Del resto, proprio pochi giorni prima il presidente dell'Ordine dei giornalisti aveva rilevato «scambi di opinione e diverbi tra colleghi, che si palesano sempre più spesso, con toni anche molto accesi, sui social network, in pagine pubbliche e su profili privati e che spesso si traducono in segnalazioni ed esposti all’Ordine. Accade che questi tafferugli verbali acquisiscano modi e toni aggressivi che mal si conciliano con la civile discussione e che rasentano spesso l’ingiuria e l’offesa».
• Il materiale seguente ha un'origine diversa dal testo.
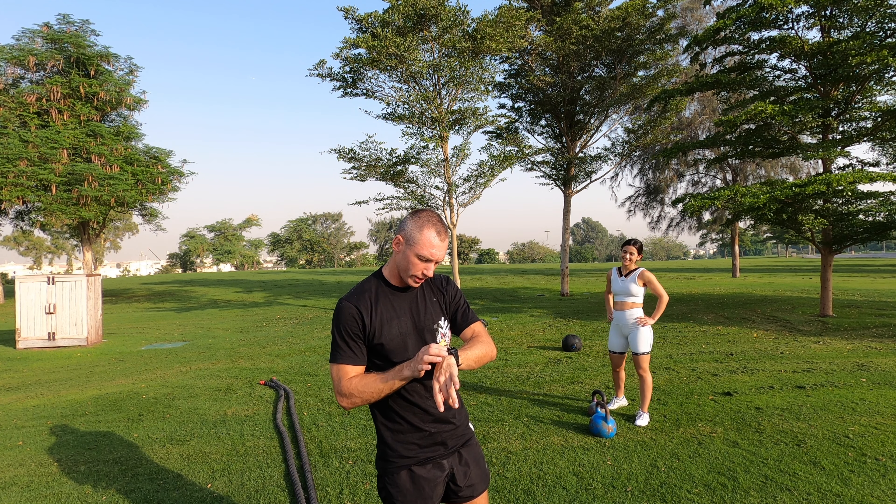Section number three: a 15 kg slam ball — we're throwing it over our shoulder, alternating left and right. Section number four: kettlebell swings. Marwa is going for 20 kg and I'm going for a different weight. It's going to be 30 seconds work, 15 seconds rest, four cycles. I'm also going to time the workout on my Garmin watch so I can give you an average estimation of the calories burned.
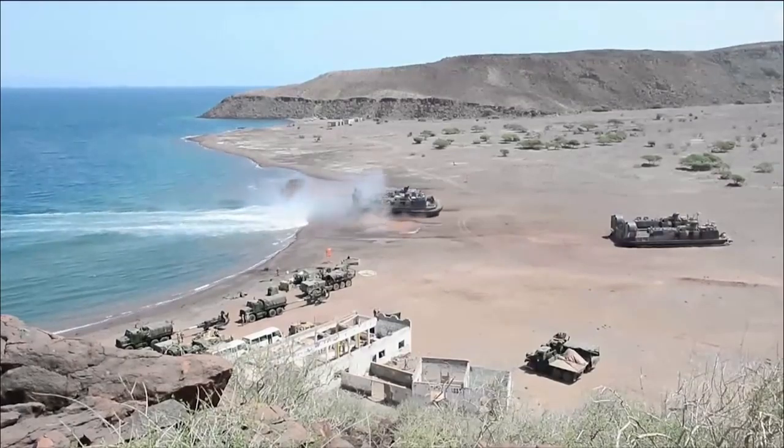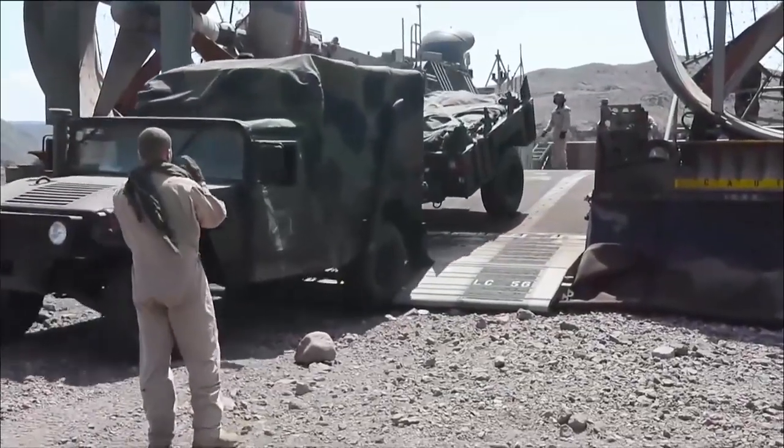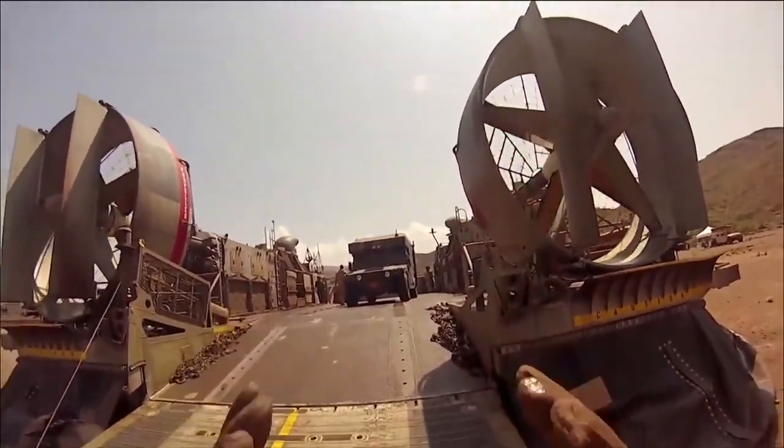My name is BM2 Paul Thiessen. I am a load master with Assault Craft Unit 5. My job as a load master is mainly staging the Marine Corps vehicles and other vehicles we have to take ashore so that the craft is properly balanced, which is a huge aspect.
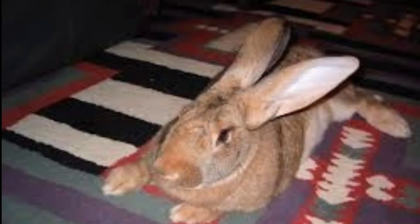The House Rabbit Society recommends 2 cups of chopped leafy vegetables per 2.7 kilograms (6.0 lbs) of body weight, and no more than 2 tablespoons of fruit or carrots per 2.7 kilograms (6.0 lbs) of body weight.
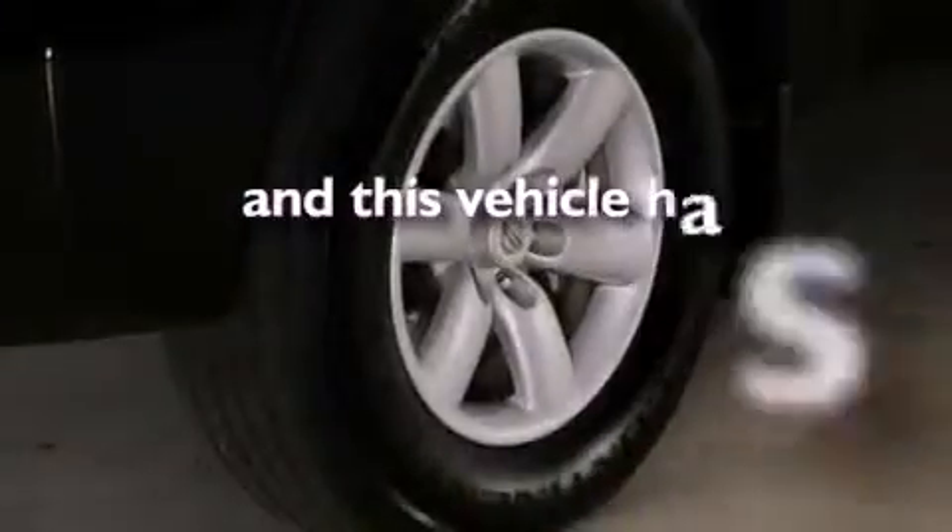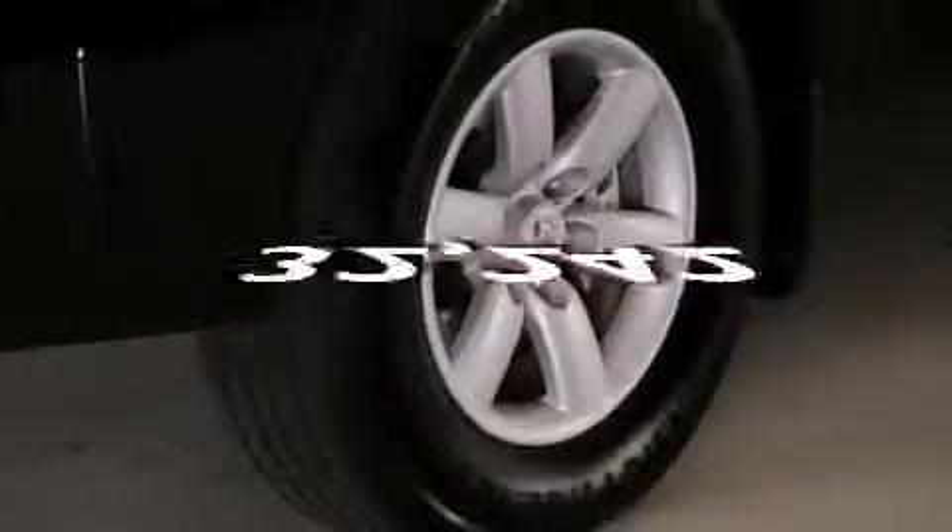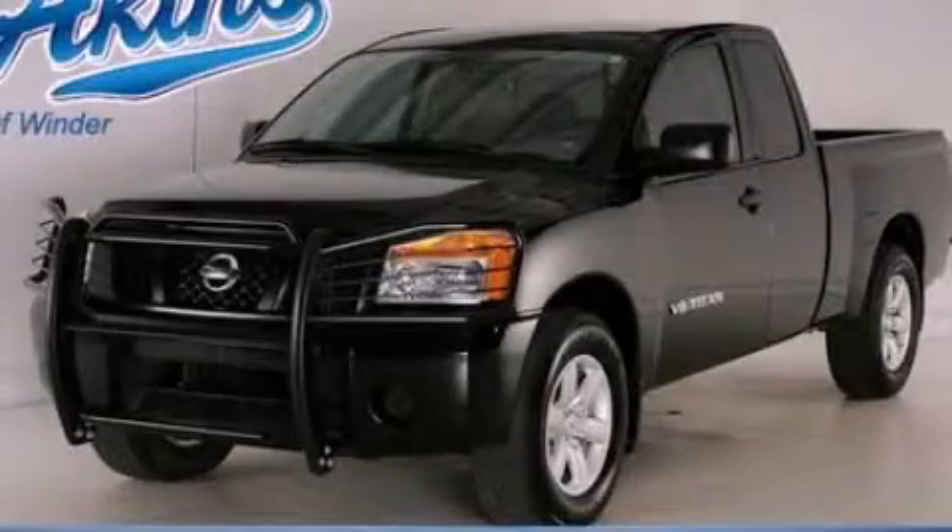This vehicle has fewer than 33,000 miles on the odometer. This automobile won't last long at this price. Call and arrange a test drive now.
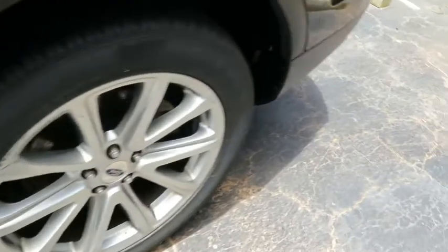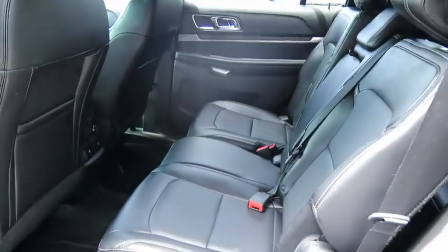If affordable style and reliability are what you're looking for, this vehicle couldn't be more perfect. Drive it today.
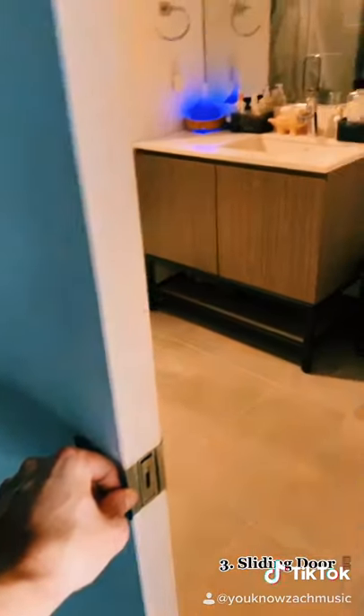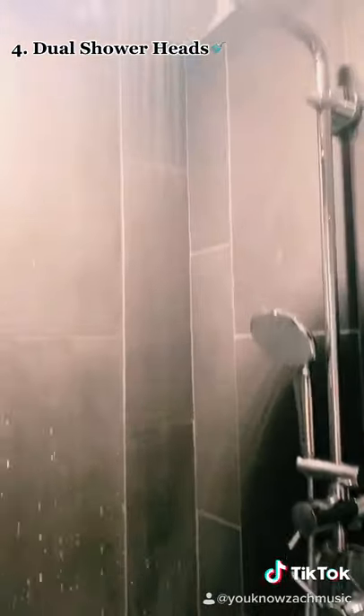The sliding door saves a lot of space when entering the bathroom, and in the shower we have two shower heads.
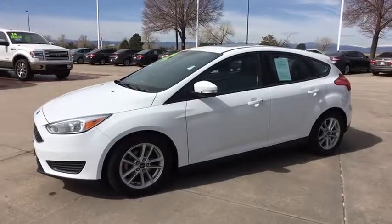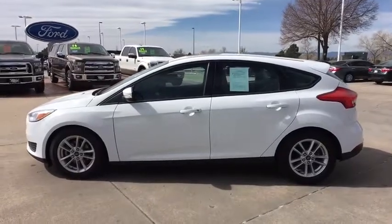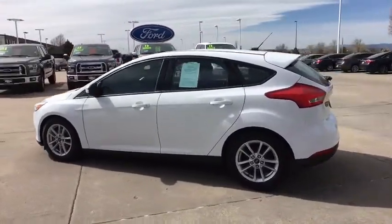2016 Ford Focus. Focus has more cool tech, more of what you're looking for. From any point of view, more than meets the eye.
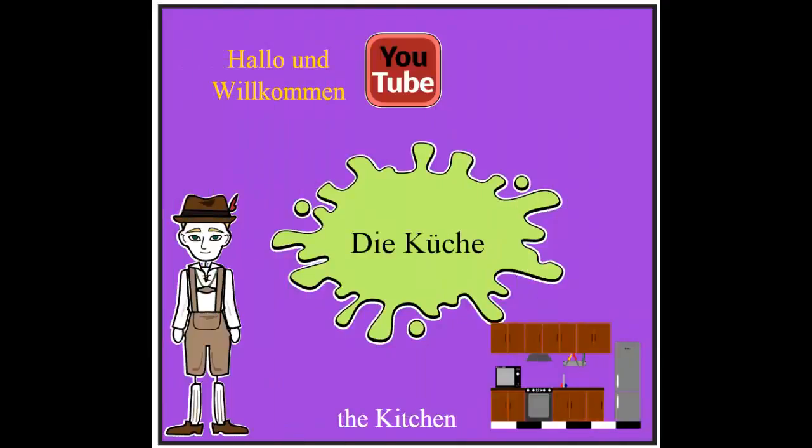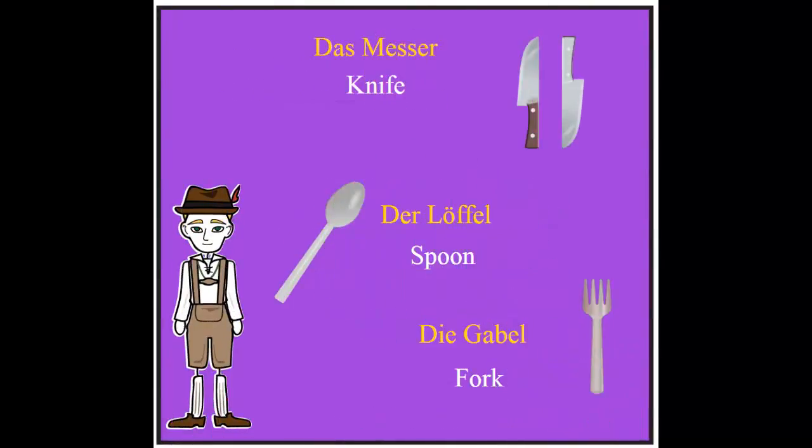Hello YouTube, and welcome to another lesson of learning German. Today we're going to talk about an important place in your house — yes, you got it, it's the kitchen: die Küche in German. So are you ready? Let's get started.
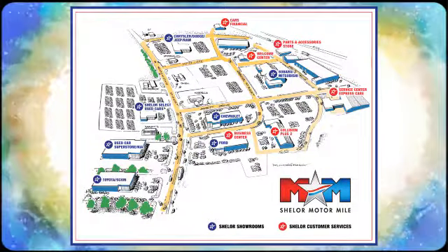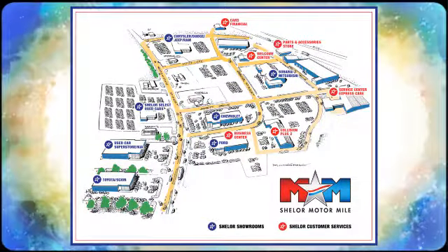Call, click, or stop in. We're conveniently located at 200 Motor Lane in Christiansburg, Virginia.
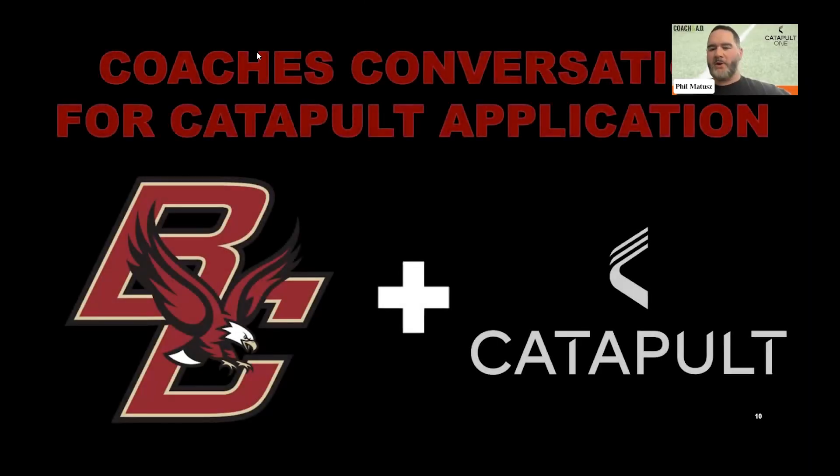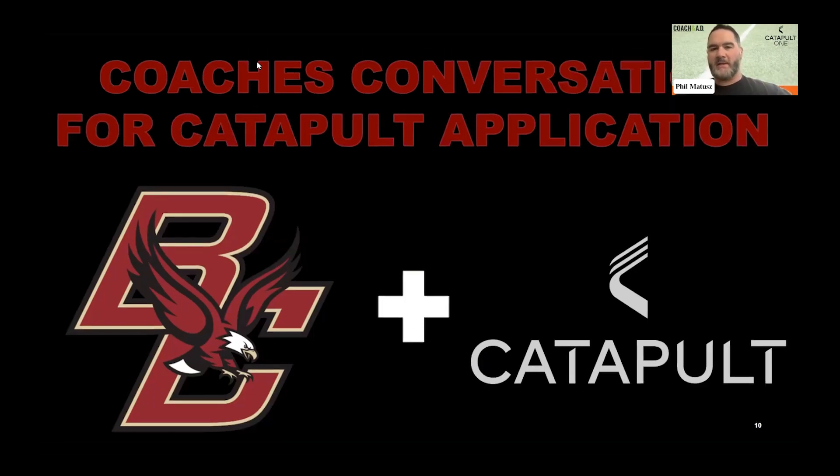We're fired up. We have a great partnership with Catapult and they've been great since day one — they've really helped bridge a lot of applications from on the field and in the sports science realm.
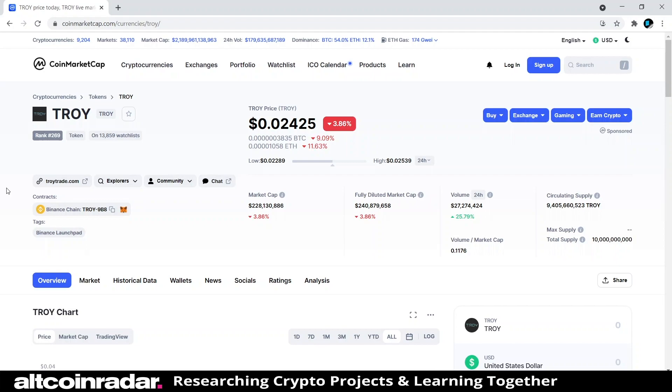Hey there crypto fans and welcome to AllCoinRadar. Today we're going to learn all about Troy and the project behind the name from a beginner's perspective. This is truly for beginners — people who have no idea what the project is but want to learn what it does and who it's for. It's also great for people who don't have time to do their own research but want something to listen to while driving.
Forse deve essere ancora raccolto l'invito agli «appartenenti alla nostra categoria ed agli iscritti al nostro Ordine professionale, che alla base di ogni dialogo, anche e soprattutto se consumato in ambienti di pubblica evidenza come il web e i social network, tutti noi siamo chiamati al rispetto dell’articolo 2 (diritti e doveri) della Legge professionale numero 69 del 1963 e al Testo unico dei doveri del giornalista approvato il 27 gennaio 2016 che determinano l'obbligo di promuovere lo spirito di collaborazione tra colleghi, oltre che alle norme dell'etica e della deontologia proprie del nostro ordinamento professionale».